Sn. Çeçenin 1980 yılları başından buyana remzi heykelleri tam doğal stilden geliştirilmiş ve izlenimsel tecrit haline gelmiştir, çalışmalarının ilgi alanı anatomik modeller veya kahraman şemaları değildir, vücudun veya giyimin güzelliğini gösterenden daha fazla vücudun gölgesi, insan ruhu ve ruhunun güzelliğini çalışmalarının odak noktası olmuştur.

Eserlerinin çoğu günlük hayat mücadelesini ifade etmektedir, figürler hırsı, barış ve temenni arzusunu göstermektedir, figürleri hayata yüzden bakan sıradan insanlardır, o insanları doku ve pürüzlü modellere çevirip seyredenlere savunmasız insan ruhunu göstermektedir. Kendisinin arzusu gizli olan insan ruhunu açığa çıkarmaktır, tüm figürleri hayata şunu ifade etmektedir “bundan sonar ne olacak?” bu figürler dünyaya temenniyle katılmaktadırlar, zorlanıyorlar ama hayati seviyor ve yaşamayı çok istiyorlar.

1980li yıllarda günlük hayat mücadelesi veren Irak halkının yaşamını temsil eden heykeli yapan sn. Çeçen şöyle ifade ediyor : Irak halkın çoğu rejim tarafından zulme uğruyordu, özellikle azınlık etnikler, tıpkı benim gibiler, onlar ayrımcılığın adaletsizliğinden küçük düşen ve korku dolu günler yaşayan insanlardır, bu adaletsizliğe karşı mücadele vermek dünya insanının ortak bir misyonu olmuş ve 21. yüzyılda yaşamın bir parçası olmuştur. Şiddettin başlangıcından, Babalar, Analar ve Evlatlar yıkıldılar özellikle çok sevdikleri birisini kayıp edenler derin yara aldılar, benimde ailem diğer Iraklı aileler gibi 34 yılını hüzün içinde zalim bir diktatörün hükmü altında yaşamlarını sürdürdüler, bu 34 yıl binlerce korku dolu amansız gecelere dönüşmüştür. Bir çok insan, Irak’ın geçmişini ve Mezopotamya’nın yeri olduğunu unutmaktadır, bu ülke dünyaya 1001 gece Masallarını veren ve efsanevi asmalı cennetler mekanı olduğu, ve bir çok peygamberlerin geçtiği ülkedir, ayrıca İbrahim a.s. anavatanıdır. Irak medeniyetin kaynağı ve ilk yazı yazılan yerdir, tekerleğin icat edildiği ve insanın ilk yazdığı kanun yeridir, orada tufanın ilk masalı söylenmiştir. Irak halkı hakkıyla tarihiyle gurur duyar, bu gurur insanların ülkesinin yaratıcılık simgesi yerini zulüm ve acı almış hayatları bir trajediye dönmüştür.

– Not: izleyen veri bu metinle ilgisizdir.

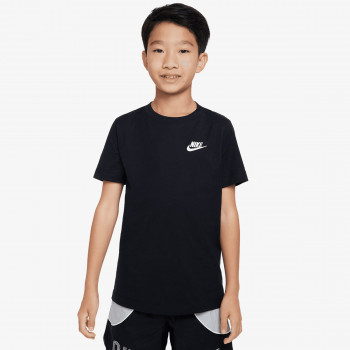 Nike Маица B NSW TEE EMB FUTURA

Bu günlerde sn. Çeçen doğum yeri Kerkük’ü bir ay boyunca ziyaret etmiş, dönüşünde resimler yapmaya başlarken hep aile ve arkadaşlarıyla konuştuklarını hatırlamış, Irak’ın bir çok şehrini gezerken kötülük ve insan acısını iyice anlamıştır, esimler insanların zulüm ve hüsrana uğradıklarını göstermekte olduğunu fakirlikse sıkıntılarını simgelediğini söylüyor. 

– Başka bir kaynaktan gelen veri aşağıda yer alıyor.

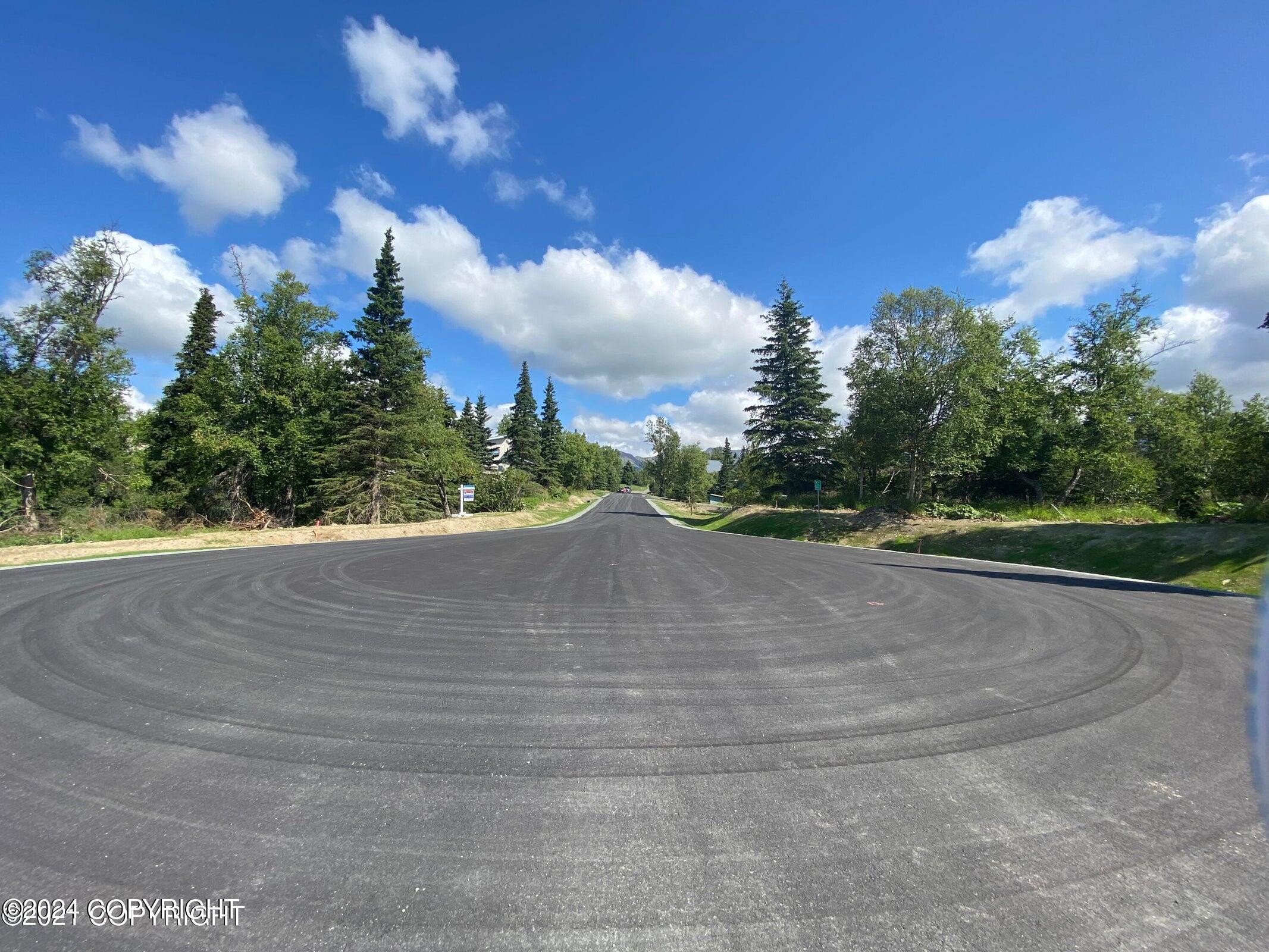 L5 Snow Flake Circle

Sn. Çeçenin en son eserleri 90 çamur 4 -12 inç büyüklüğünde heykellerdir, 58i aile ve akrabalarını, 24ise arkadaşlarını yapmıştır, akrabalarının çoğunluğu kadın heykellerinden ibarettir. Bu küçük heykeller Irak’ta olan geleneksel elbiseleri sergilemektedir, ailesinin iç güzelliği ve sevda dolu yaşamlarını anmaktadır.

Sn. Çeçenin yeni sergisinde, eserleri Irak insanının istikbal ve hayallerini yansıtmaktadır, Anneler, Babalar ve Çocuklarında tıpkı diğerleri gibi hayallari bulunmaktadır. Son pastel ile yapılmış resmide renkli baş örtüsü dalgalanmaktadır, buda serbestlik hayalinin simgesi anlamına gelmektedir.